[Excerpts from a dataset]
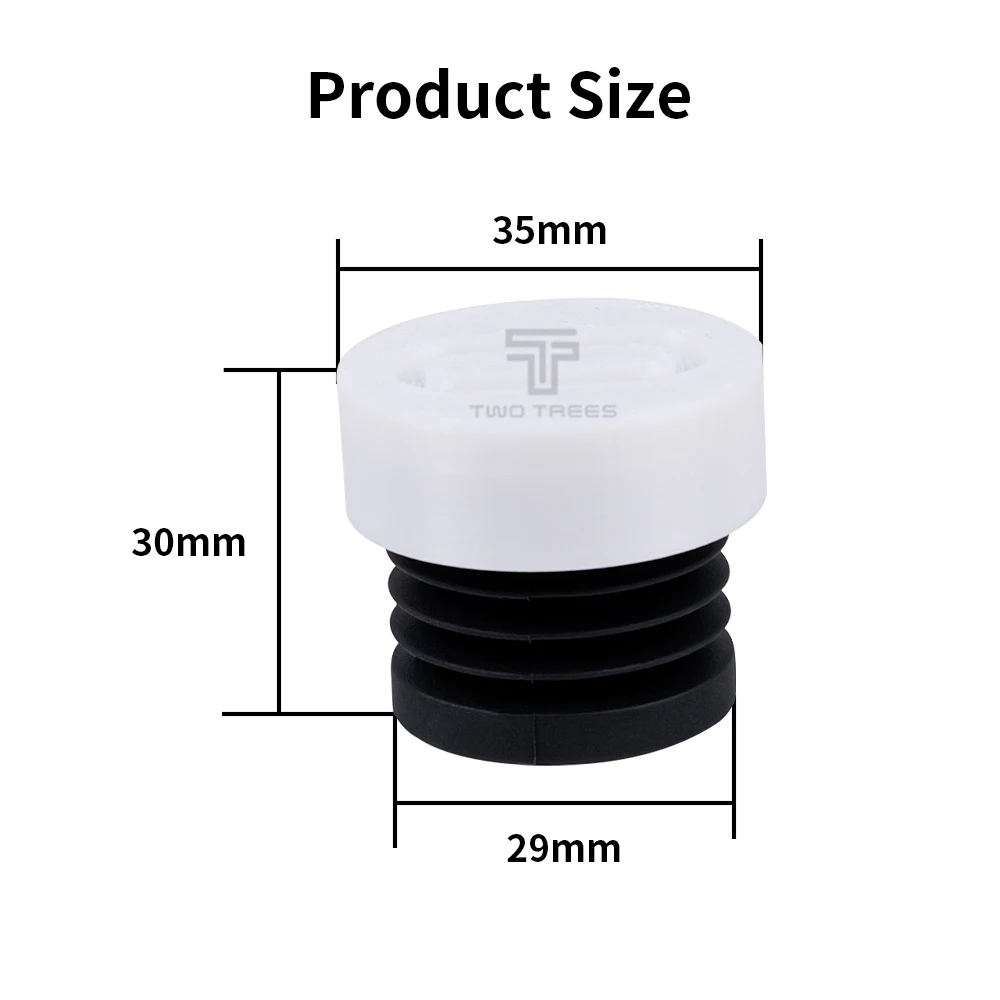 Upgrade Anti Vibration Rubber Feet Pad For Bambu Lab A1 mini Anti-Slip Foot Pads Anti-SHOCK Floor Mat For Bambulab A1mini Parts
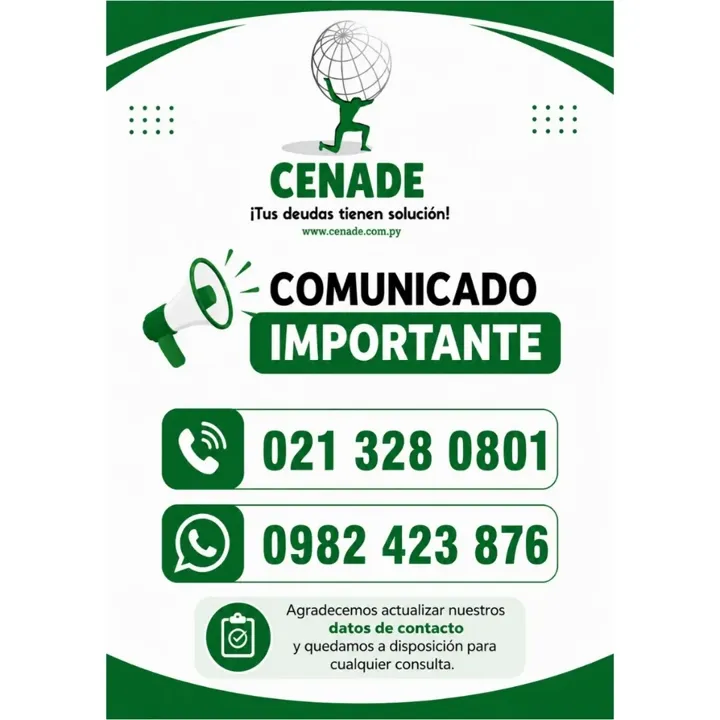 Publicación 3 de CENADE en Instagram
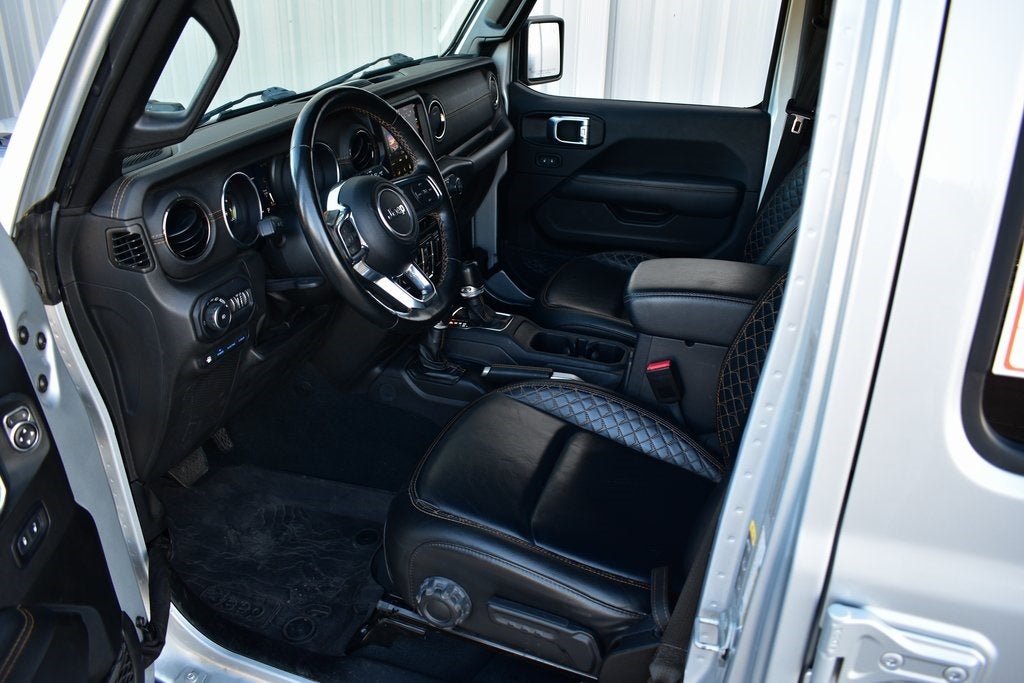 2022 Jeep Wrangler Unlimited Sahara High Altitude 4xe w/Sky Touch Roof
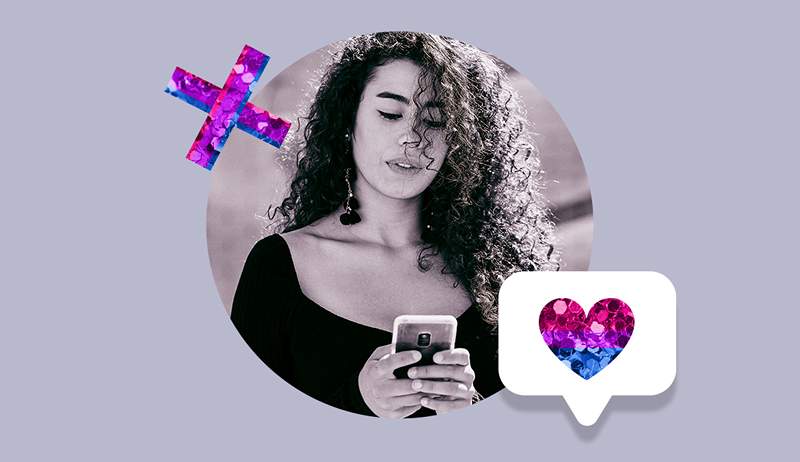 Wie die Verwendung von Dating -Apps, nachdem ich als bisexuelle Frau herausgekommen war, hat mir geholfen, Selbstvertrauen zu gewinnen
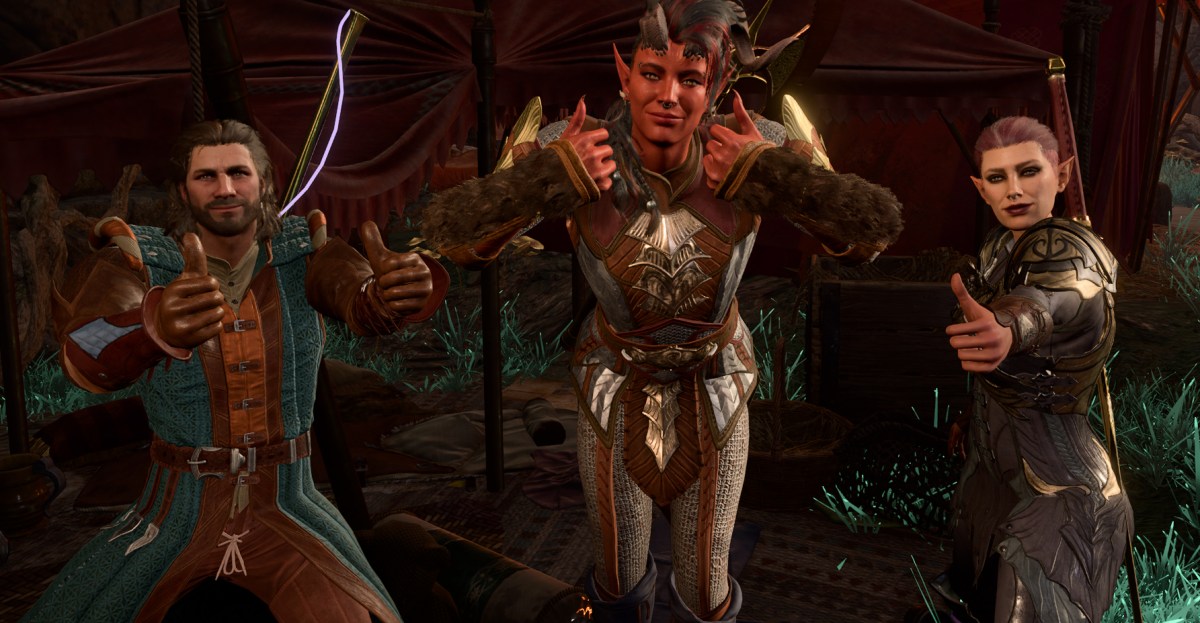 Останній патч Baldur Gate 3 тепер також доступний на Mac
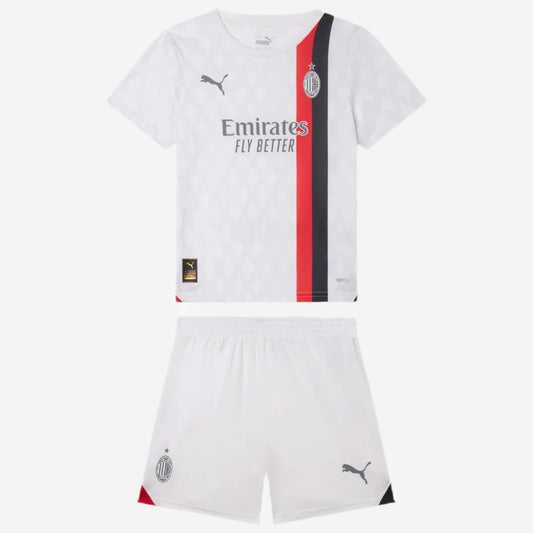 Milan children's football suit outside the 23/24 season 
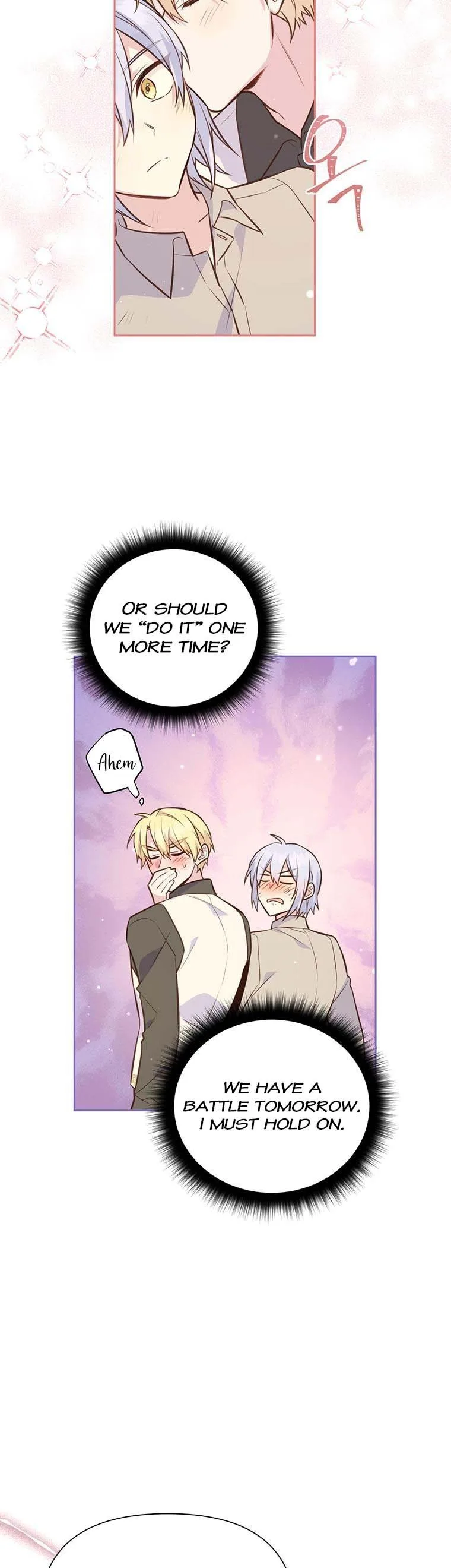 You’re just a supporting character, so love me! Chapter 91 page 15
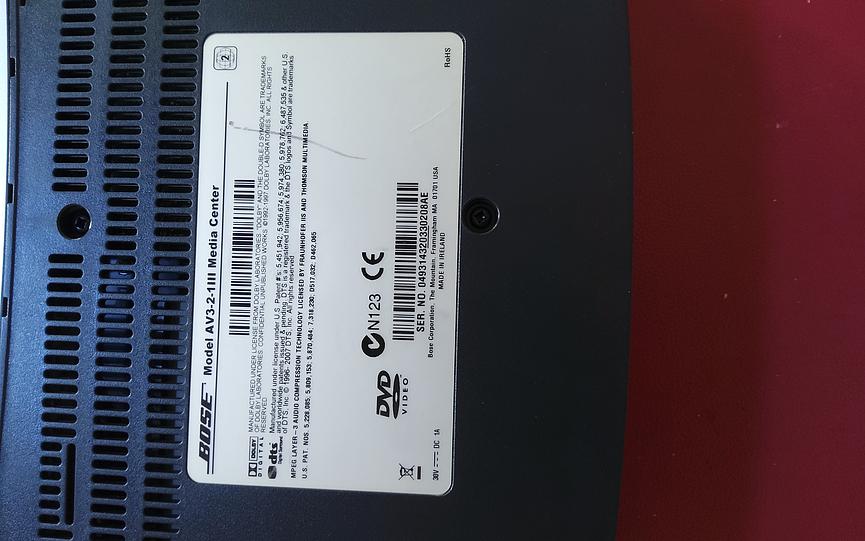 Bild 3 Bose 3-2-1GS Series III DVD Home Entertainment System gebraucht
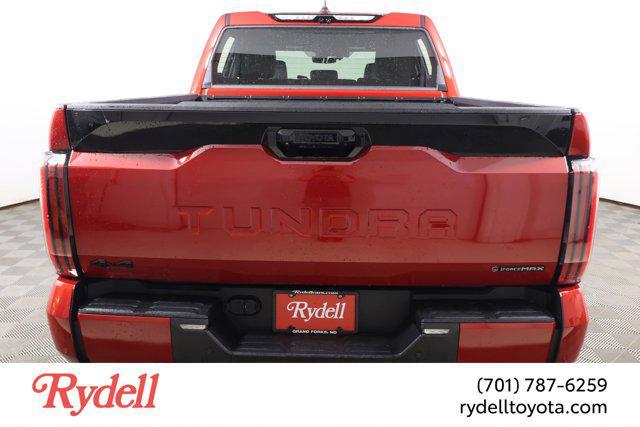 new 2025 Toyota Tundra Hybrid car, priced at $69,567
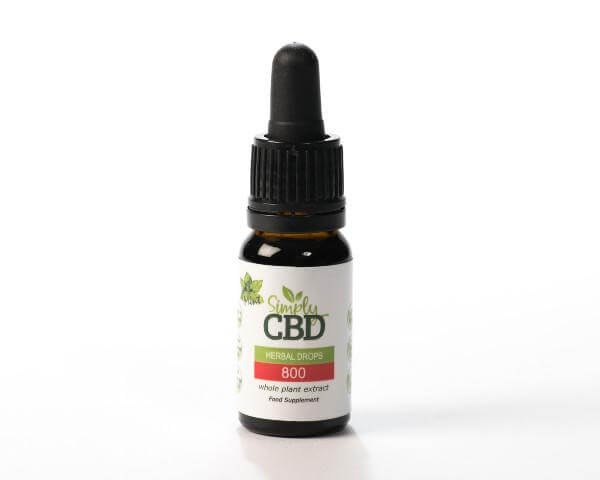 Red CBD Oil - Mint Flavour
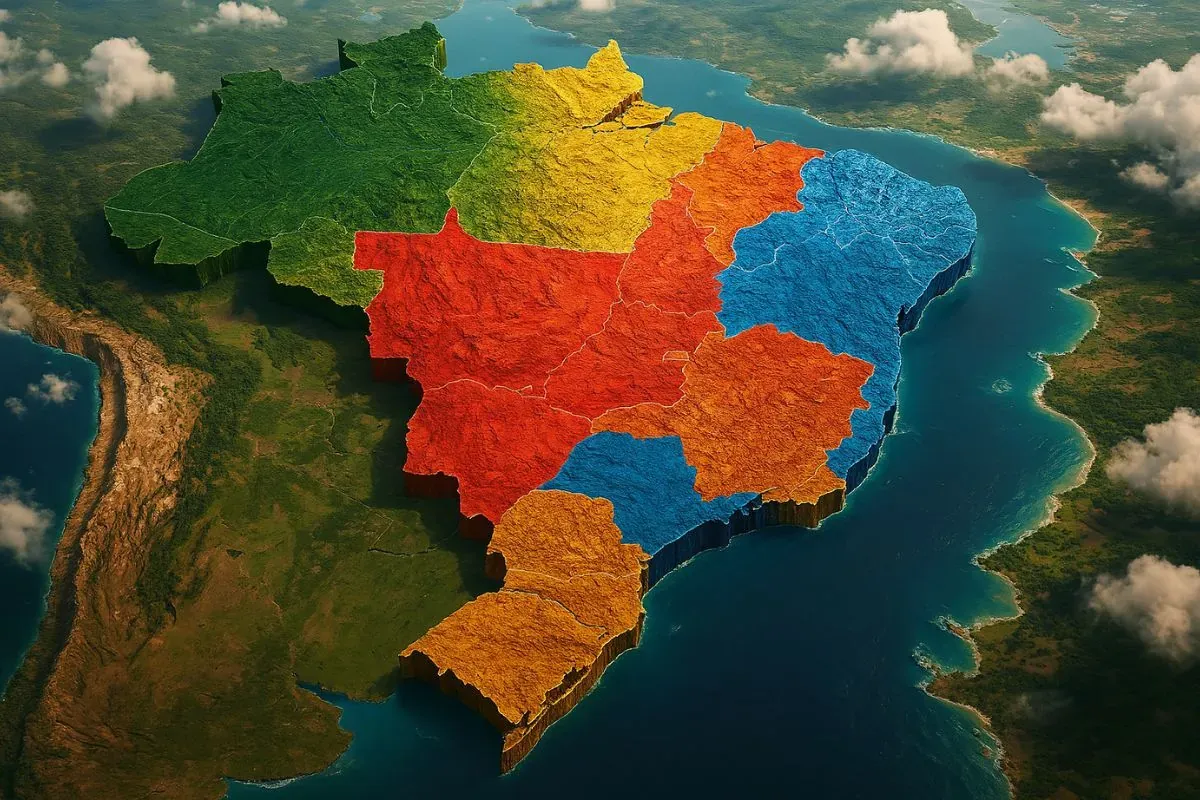 Quem controla o dado ambiental controla parte da leitura do território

- _Problem statement_: Although the records above contain pictures, your copy should give only their text, exactly as written.

- _Exercise solution_:
 Upgrade Anti Vibration Rubber Feet Pad For Bambu Lab A1 mini Anti-Slip Foot Pads Anti-SHOCK Floor Mat For Bambulab A1mini Parts
 Publicación 3 de CENADE en Instagram
 2022 Jeep Wrangler Unlimited Sahara High Altitude 4xe w/Sky Touch Roof
 Wie die Verwendung von Dating -Apps, nachdem ich als bisexuelle Frau herausgekommen war, hat mir geholfen, Selbstvertrauen zu gewinnen
 Останній патч Baldur Gate 3 тепер також доступний на Mac
 Milan children's football suit outside the 23/24 season 
 You’re just a supporting character, so love me! Chapter 91 page 15
 Bild 3 Bose 3-2-1GS Series III DVD Home Entertainment System gebraucht
 new 2025 Toyota Tundra Hybrid car, priced at $69,567
 Red CBD Oil - Mint Flavour
 Quem controla o dado ambiental controla parte da leitura do território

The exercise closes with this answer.